Southwestern drills Boka

The recovery of multi-ounce grades from adits has prompted Southwestern Resources (SWG-T) to launch a drill program at the Boka gold project in China’s Yunnan province.

The 2,000-metre program will try to delineate the Boka 1 zone and determine if it connects to the Boka 8 prospect, 3 km to the east. A government agency had been mining a portion of Boka 1 since early 2001.

Values from individual channel samples vary from less than a gram per tonne each of gold and silver to more than 374 grams gold and 117 grams silver. The highest grades came from tunnel XG-15, which averaged 75.2 grams gold and 25.3 grams silver over 34.5 metres of Boka 1’s strike length.

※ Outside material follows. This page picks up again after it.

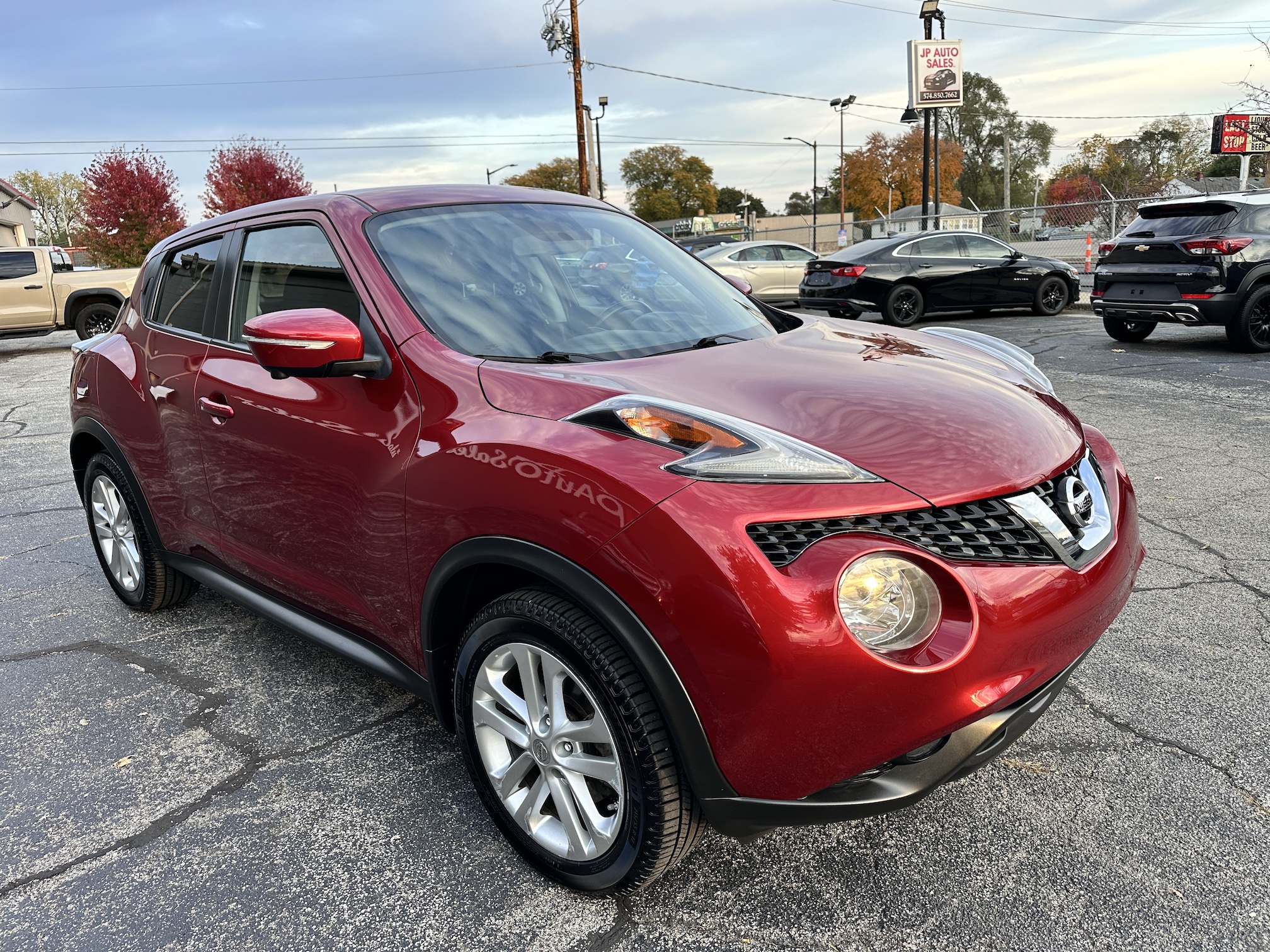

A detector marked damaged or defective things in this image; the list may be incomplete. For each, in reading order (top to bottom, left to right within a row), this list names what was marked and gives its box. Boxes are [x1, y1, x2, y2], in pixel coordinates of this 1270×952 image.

cracked pavement [0, 316, 1265, 947]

Results from another six adits are pending, and sampling of other tunnels continues.

To date, Boka 1 has been traced for 1.4 km along strike and for 200 metres downdip. The zone is divided into northern and southern sections that are exposed by a west-facing slope for 150 metres vertically.

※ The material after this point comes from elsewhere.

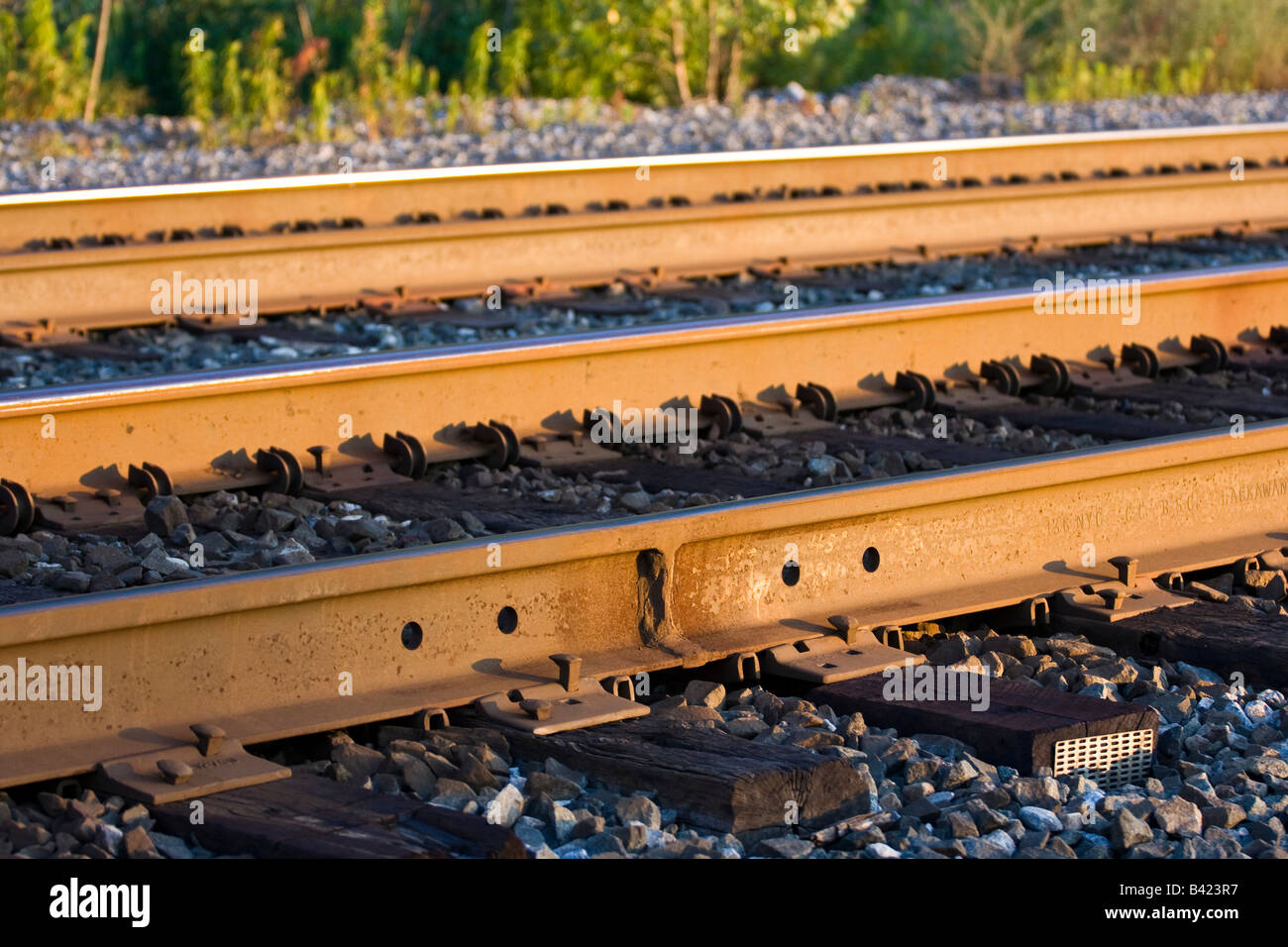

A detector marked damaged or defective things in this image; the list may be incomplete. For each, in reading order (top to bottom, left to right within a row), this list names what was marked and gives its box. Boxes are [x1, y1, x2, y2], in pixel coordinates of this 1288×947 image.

rusty rail surface [2, 124, 1288, 340]
rusty rail surface [2, 262, 1288, 533]
rusty rail surface [2, 420, 1288, 783]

Mineralization is associated with quartz-pyrite alteration and with ductile-brittle shearing caused by regional faulting. The host stratigraphic horizon, consisting of calcareous shales and siltstones of the Middle Proterozic Heishan formation, strikes to the north and dips to the east.

Coarse and fine native gold have been observed, and all the samples were strongly oxidized.

The Vancouver-based junior can acquire a 90% interest in the 99-sq.-km property by spending US$4 million over the next four years and paying US$1.7 million in the final year. China Yunnan Province Nuclear Industry Team 209 retains a 10% carried interest.

Southwestern also has exploration rights to 560 sq. km of surrounding ground. That concession includes two new showings that were discovered 3 km north of Boka 1, in the same stratigraphic horizon.